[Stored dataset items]
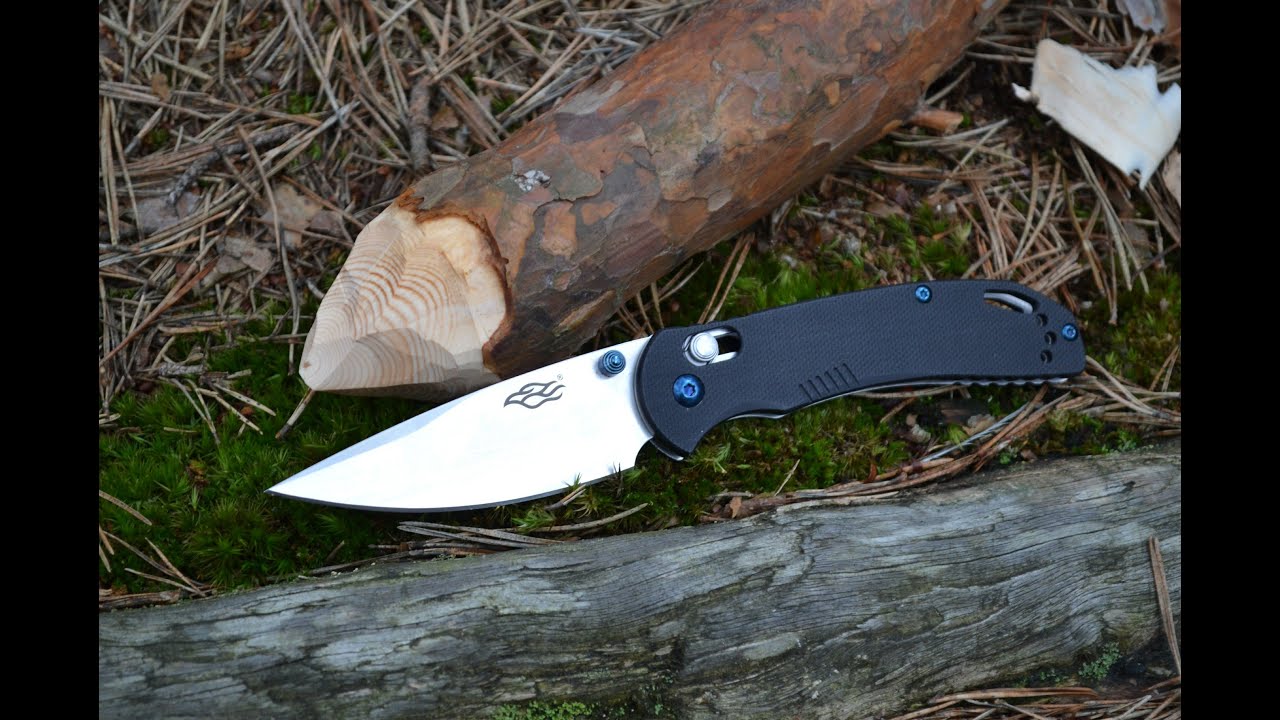 Тест ножа GANZO Firebird F 753M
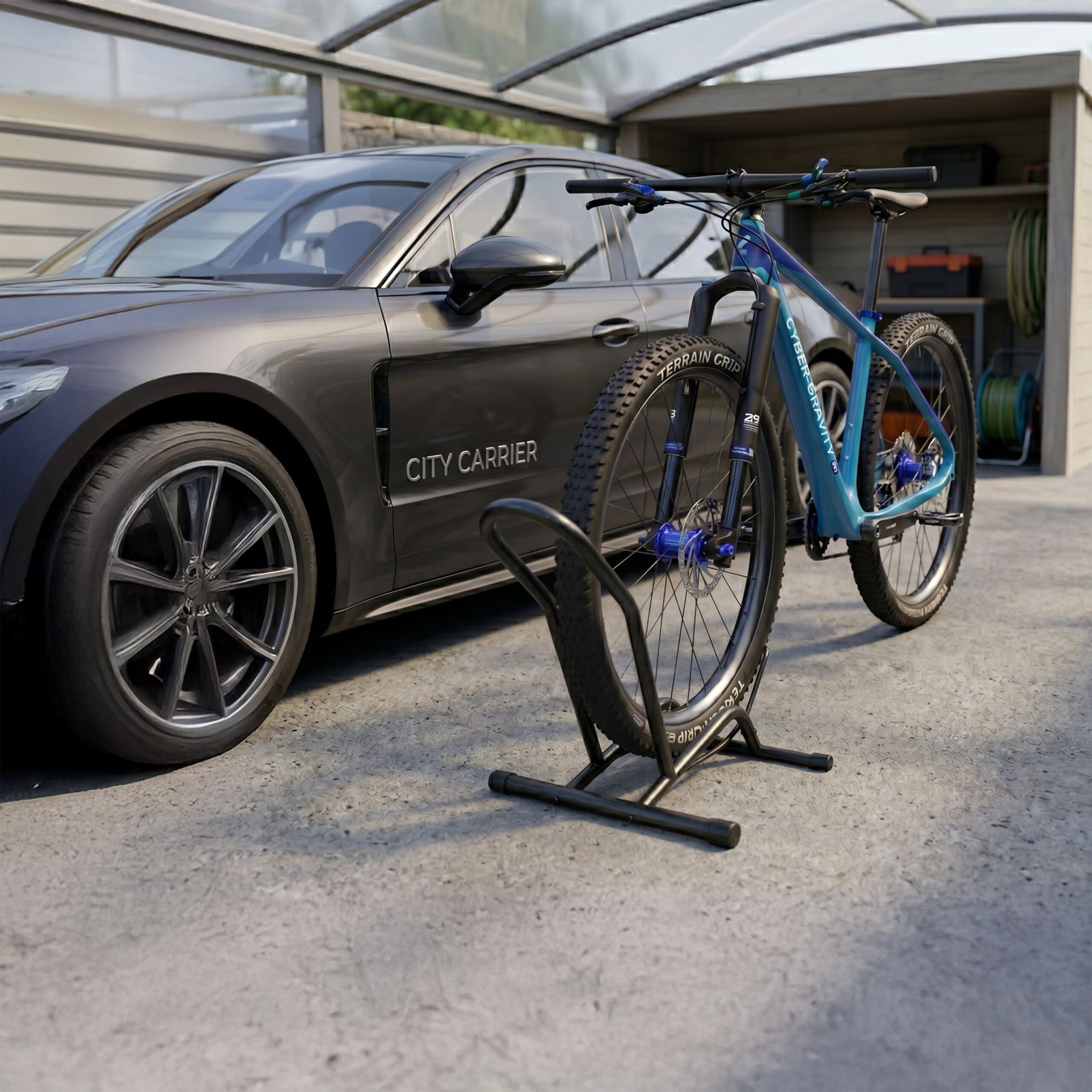 Fahrradständer bis 29 Zoll Schwarz von Relaxdays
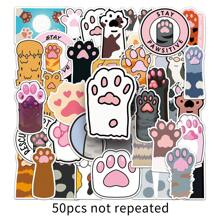 50pcs Cute Kitten Stickers, Waterproof Sticker For Kids, Small Stickers For Water Bottles, Laptop And Baggage. Funny Sticker Packs Without Repeat. Stickers Set For Water Bottles. - Yellow - View 3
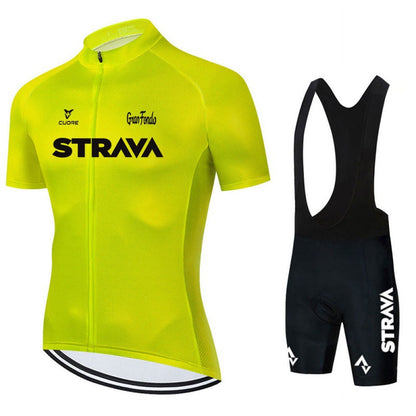 Bike Jersey Combo Set with Breathable Fabric, Raglan Sleeves and Back Pockets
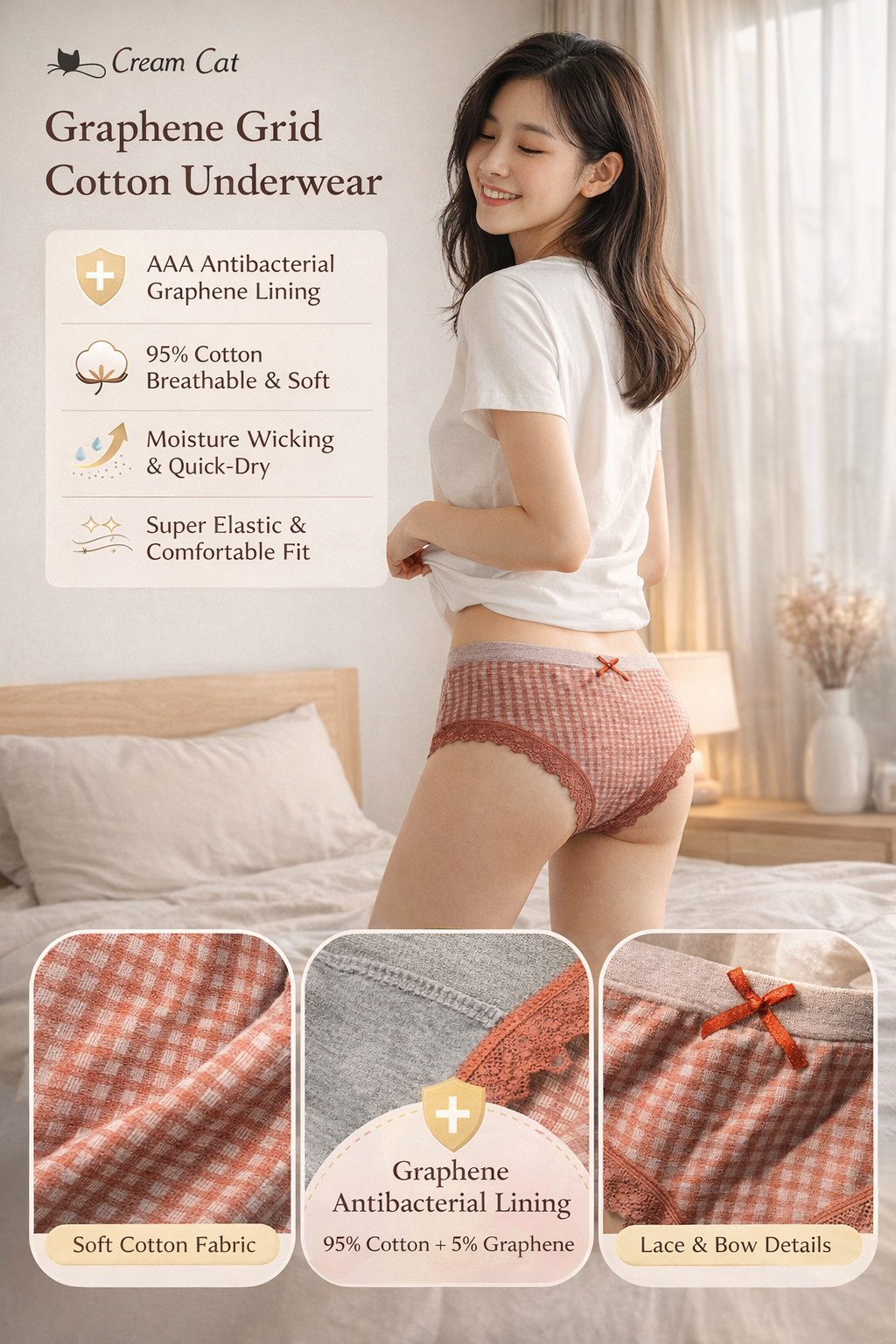 Women's Graphene Cotton Underwear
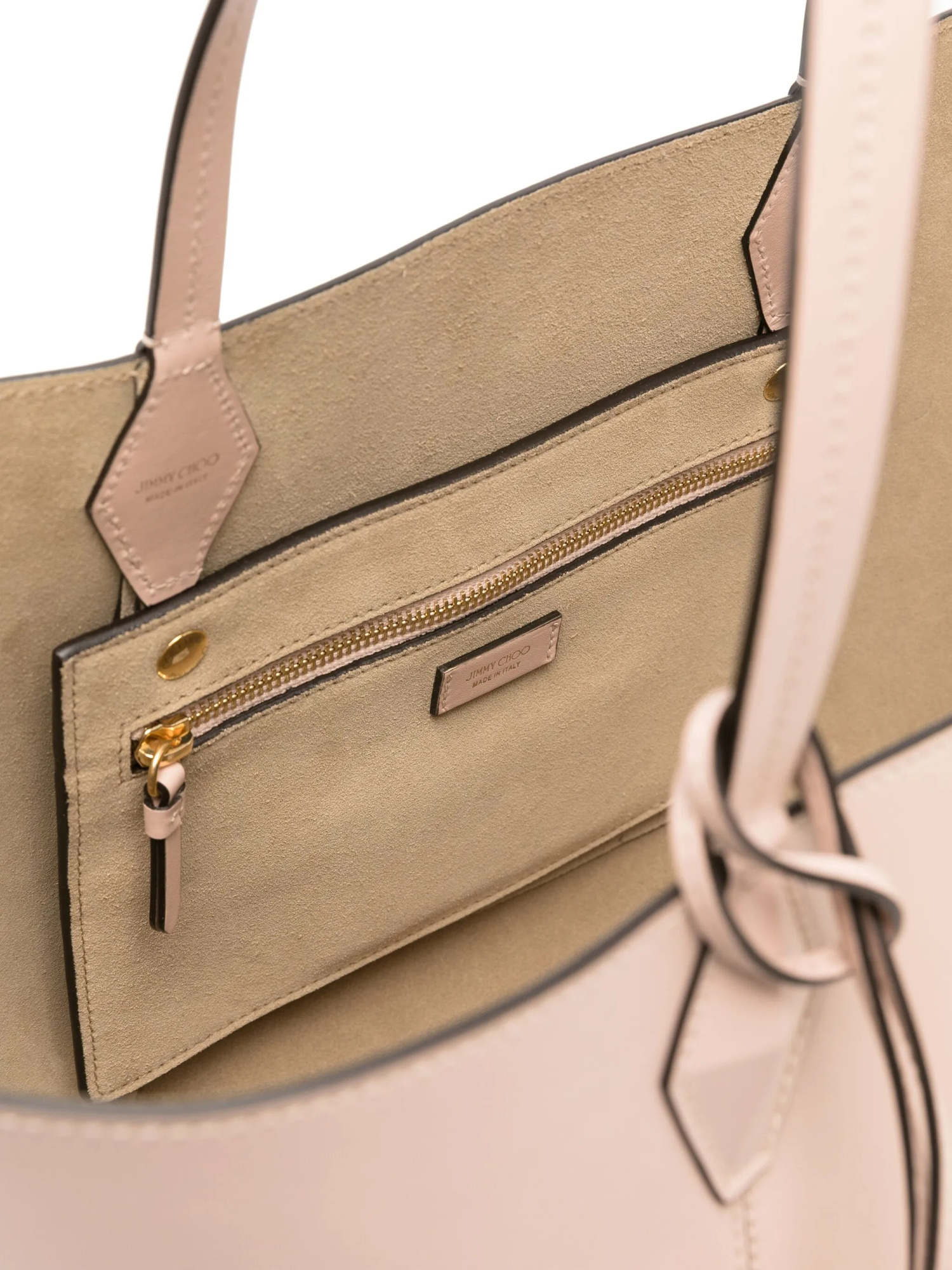 Jimmy Choo Double Handle Shoulder Bag In Nude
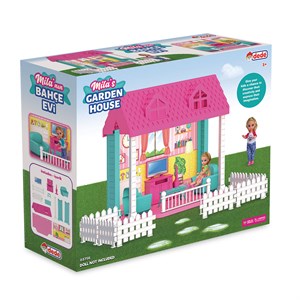 Mila'nın Bahçe Evi - Ev Oyuncak - Milanın Bahçe Ev Seti - Barbie Ev Seti - Rüya Evi - Oyun Evi -  - Ev Setleri - Dede Toys - Fen Toys-03756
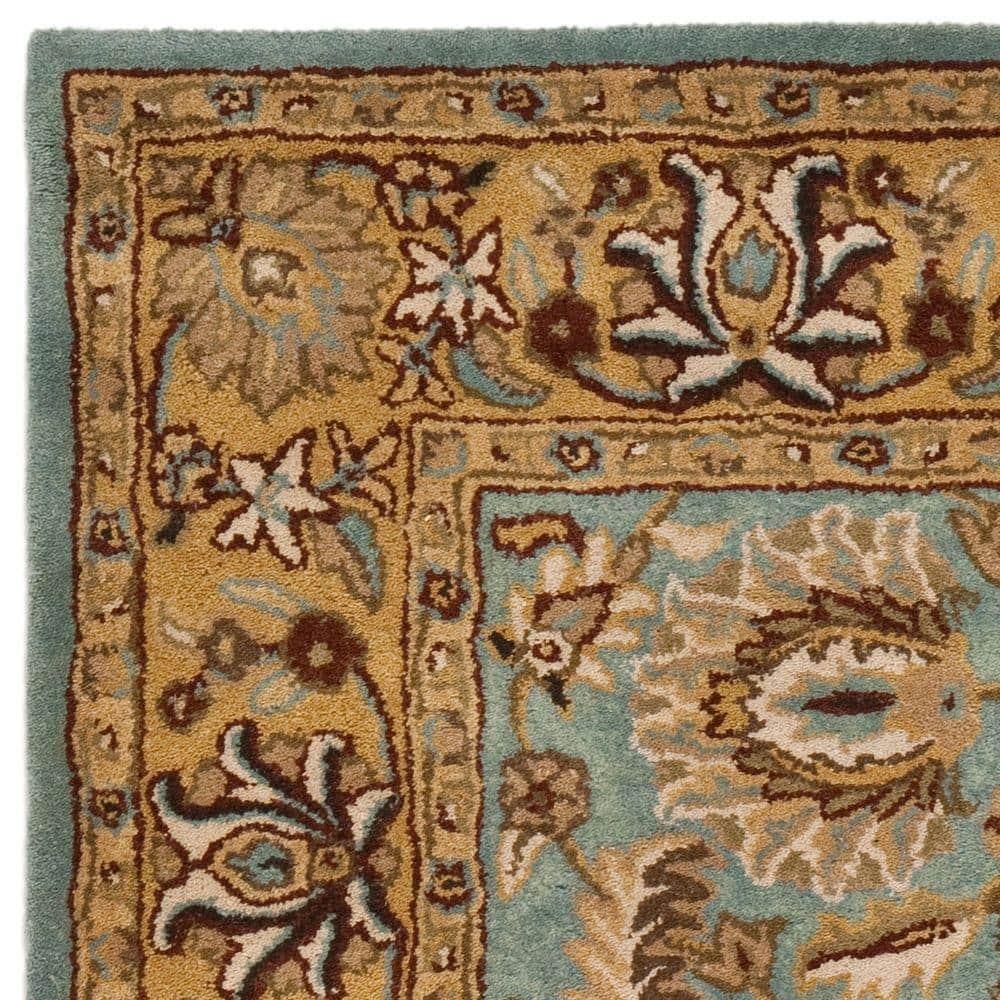 SAFAVIEH Heritage Dexter Traditional Wool Area Rug, Blue/Gold, 9' x 12'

# [ASSIGNMENT]
Only the lines above starting with the line with "50pcs Cute Kitten" and going on through the line with "Mila'nın Bahçe Evi" belong in the answer; repeat them exactly, minus any picture.

# [COMPLETED TASK]
 50pcs Cute Kitten Stickers, Waterproof Sticker For Kids, Small Stickers For Water Bottles, Laptop And Baggage. Funny Sticker Packs Without Repeat. Stickers Set For Water Bottles. - Yellow - View 3
 Bike Jersey Combo Set with Breathable Fabric, Raglan Sleeves and Back Pockets
 Women's Graphene Cotton Underwear
 Jimmy Choo Double Handle Shoulder Bag In Nude
 Mila'nın Bahçe Evi - Ev Oyuncak - Milanın Bahçe Ev Seti - Barbie Ev Seti - Rüya Evi - Oyun Evi -  - Ev Setleri - Dede Toys - Fen Toys-03756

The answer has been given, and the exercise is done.